Validity of Post Draft Projections
One of the most often asked questions by fantasy and roto players after a draft is, “how did I do?” In the pre-internet days the hardcore player would hunt any and all resources and compile, by hand, a post draft projection to try and get a take on where their team stood against their opponents. Today, fantasy players huddle around a computer screen or smart phone after the draft and instantly have projections. Teams projected at or near the top find their owners relieved and those at or near the bottom often are disappointed. Many regular fantasy players look to projections to see if their team is a “contender or pretender.” The question then that comes to mind is, “can they really do this?” I think they can, to a degree.

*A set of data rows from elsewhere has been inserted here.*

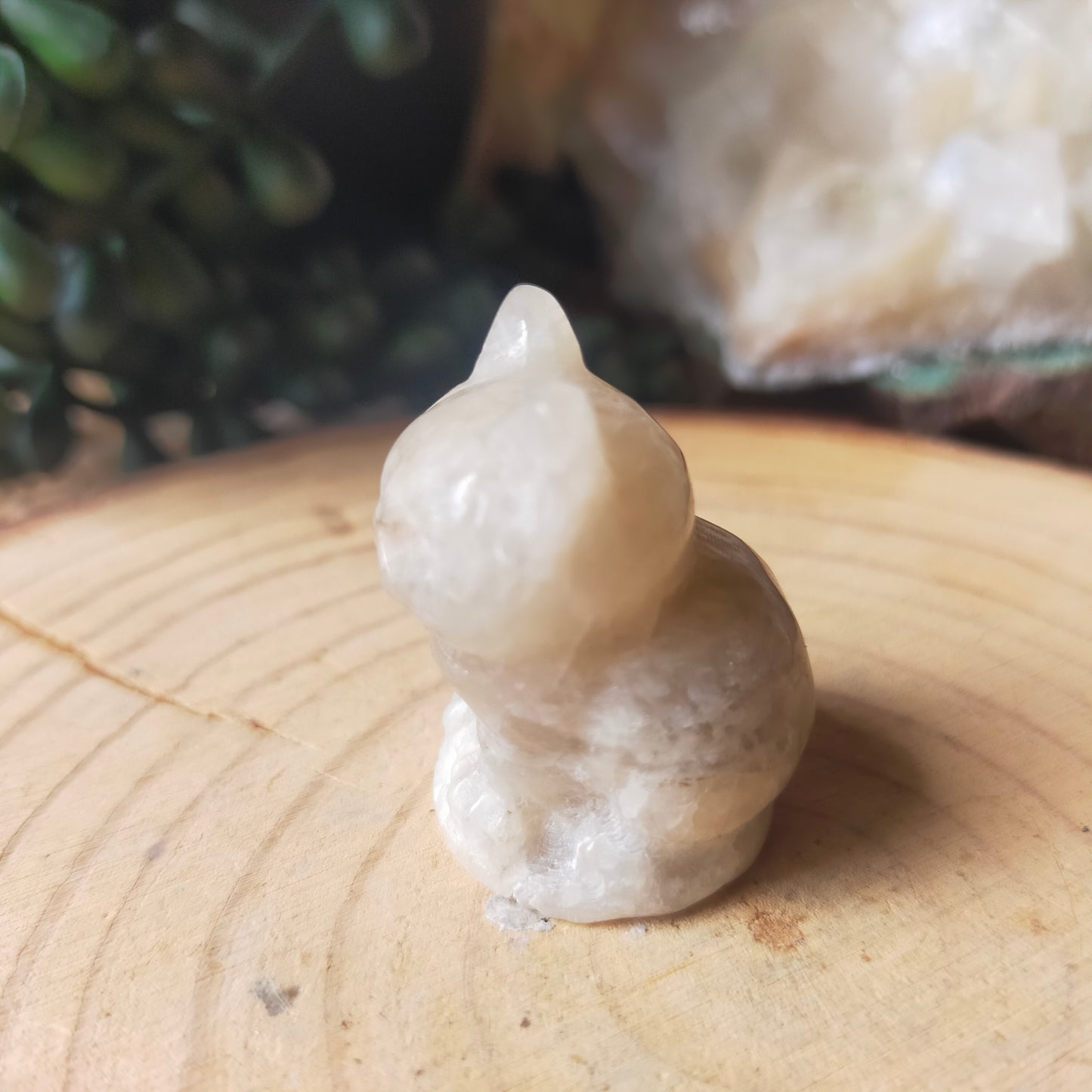Grumpy Moonstone Cat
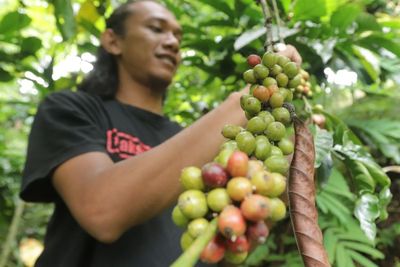 Sempat Mati Suri, Kopi Lawu Bangkit Kembali Sampai Diekspor ke Eropa dan Uni Emirat Arab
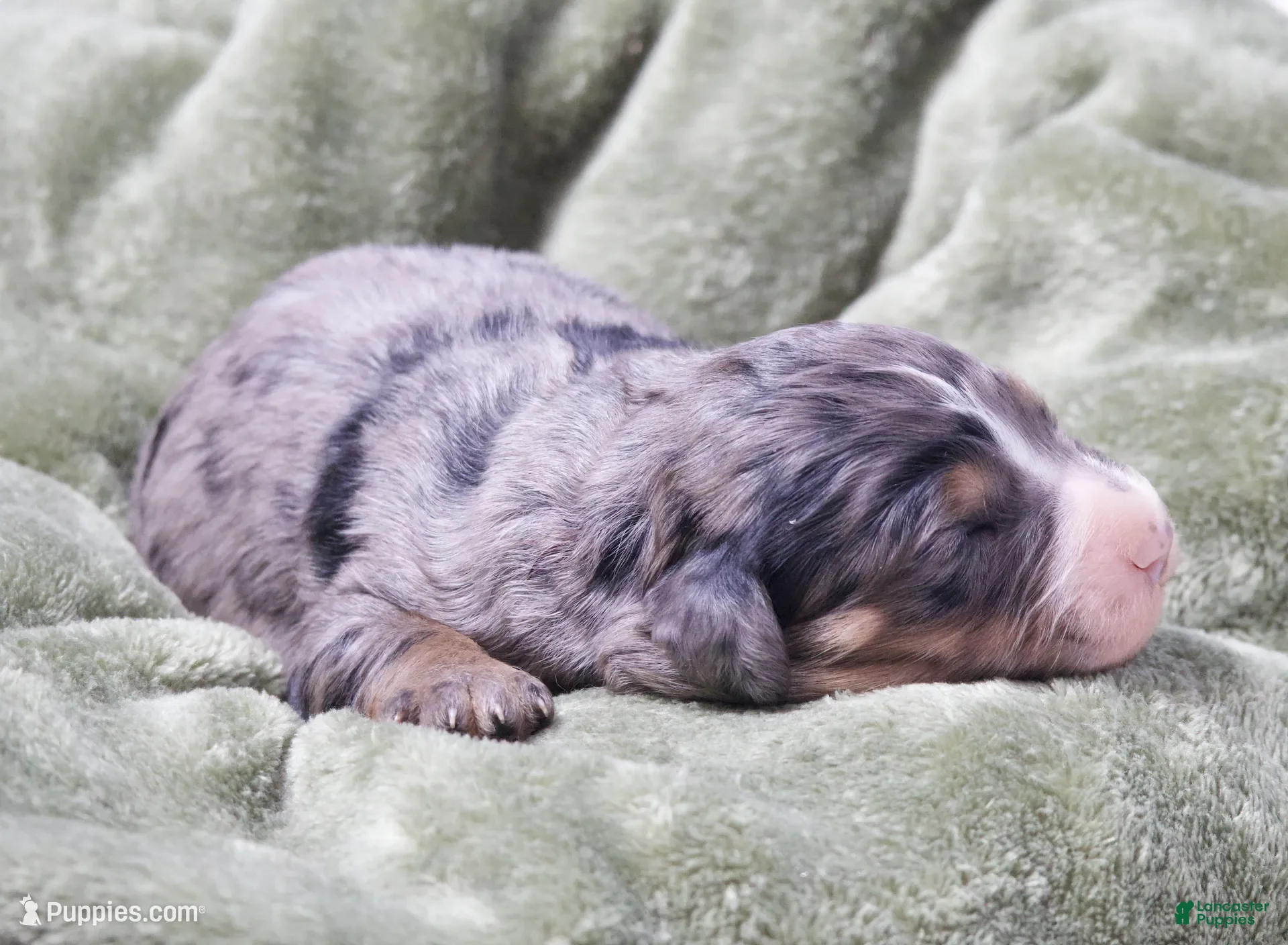 Mini Bernedoodle dogs for sale: Jaxon - Ad 1
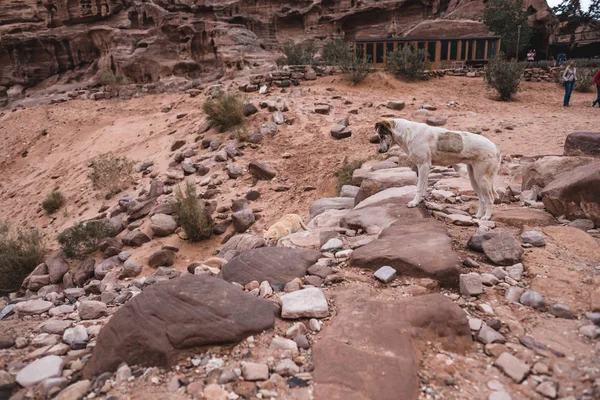 Petra çöl manzara kayalar üzerinde duran Sokak köpeği, Ürdün, Asya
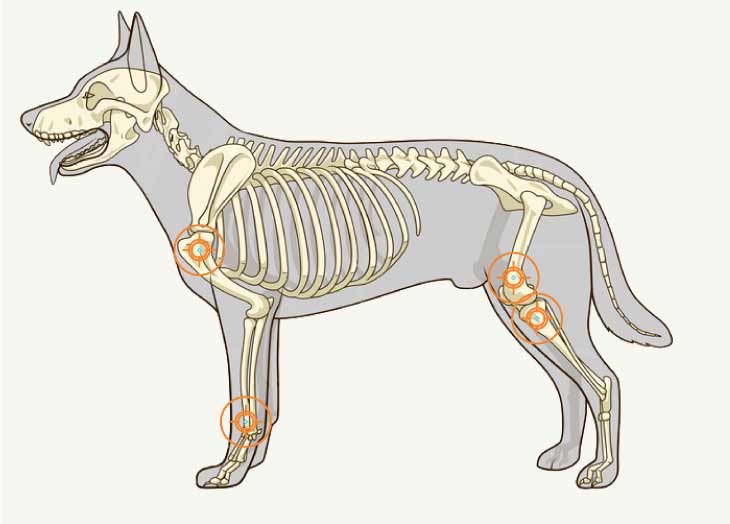 Cancer des os du chien : symptômes, diagnostic et traitement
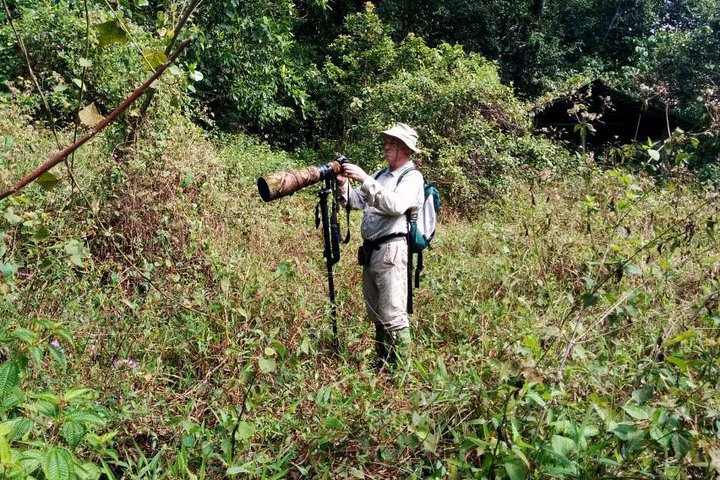 Birdwatching in Kitulgala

I personally like to calculate and see the projections. I have calculated post draft projections as a Tout Wars participant, and since in my house league. That amounts to twenty years of projecting, evaluating, learning, and adjusting. In those years I have found projections, if done correctly, to be eighty percent accurate in determining pretenders and contenders. Those teams projected to be in places one through six have an 80% chance of contending. Those in the seven through twelve slots have an 80% chance of pretending.
I know that not all the touts value projections as much as I do, and perhaps some will question the accuracy of 80%, but this is exactly what Tout Wars was created for. That is to experiment with the many facets of fantasy/rotisserie baseball. So I have chosen to take a close look at the Tout Wars American League and will analyze and follow its progress this season to compare projections vs. actual results.

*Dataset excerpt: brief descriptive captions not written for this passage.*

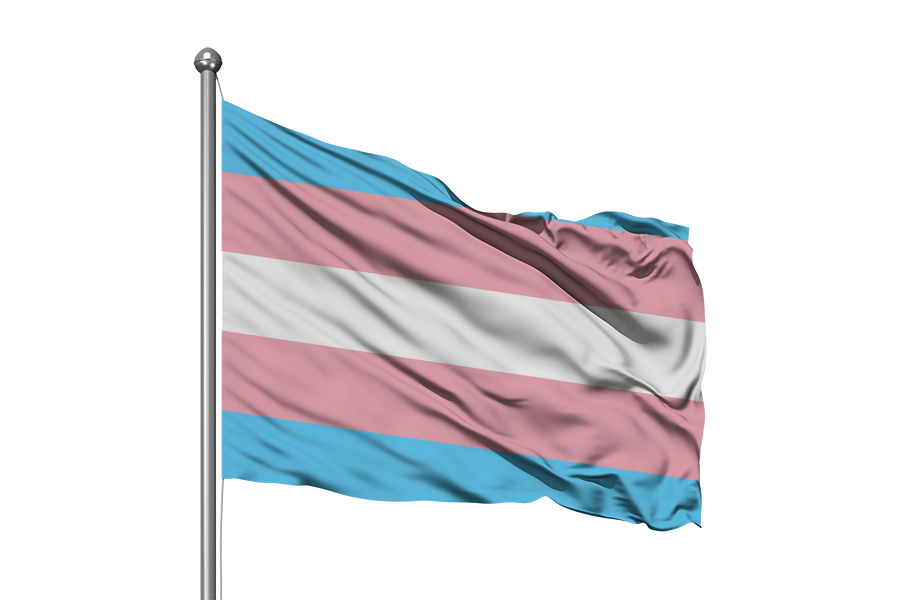 TRANSGENDER FLAG 180 x 120cm (Ultrasheen)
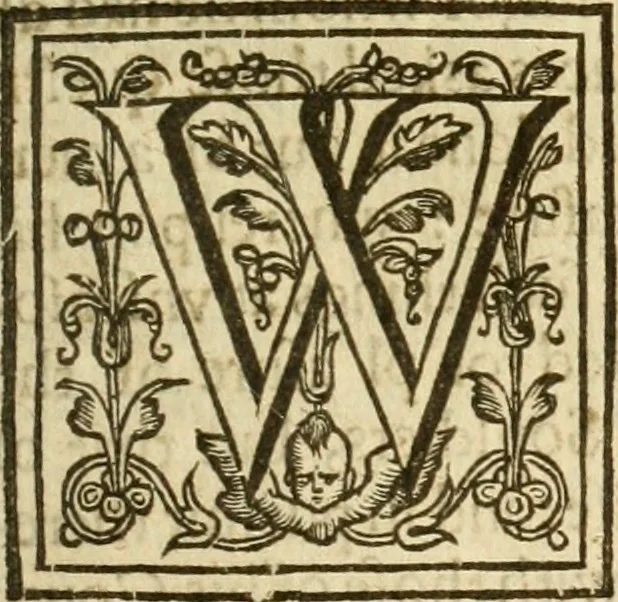 An illustration from A trve relation of the vnivst, crvell, and barbarovs proceedings against the English at Amboyna in the East-Indies, 1624, leaf 156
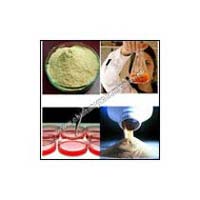 Yeast Extract Powder-Meat Extract & Biological Extract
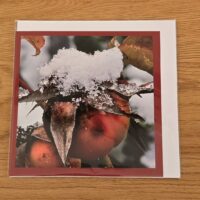 Doppelkarte Hundsrose Quadratisch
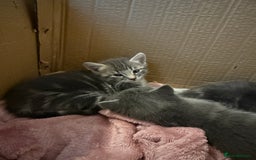 Mixed Breed cats for sale: Gorgeous kittens ready soon - 2 boys, 2 girls - Image 4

I mentioned earlier that the projections must be done correctly, here is what I mean. To get the most accurate projections you need several sources. Using only one source leaves you vulnerable to the bias of the prognosticator or the software weighting. The more sources you use, the better. I like to use at least four.
Below are the projections sorted by roto points, and then by rank. I used projections posted on the Tout Wars site by Clay Davenport and Baseball HQ. I added Rotowire and then used CBS dollar values to get a projection based on value, since it is a current trend. I then converted the projected value to points.
Based on these numbers we have our contenders and pretenders in A.L. Tout. I will follow the standings during the season and will have updates as we look to see who will be 2017 A.L. Tout champion!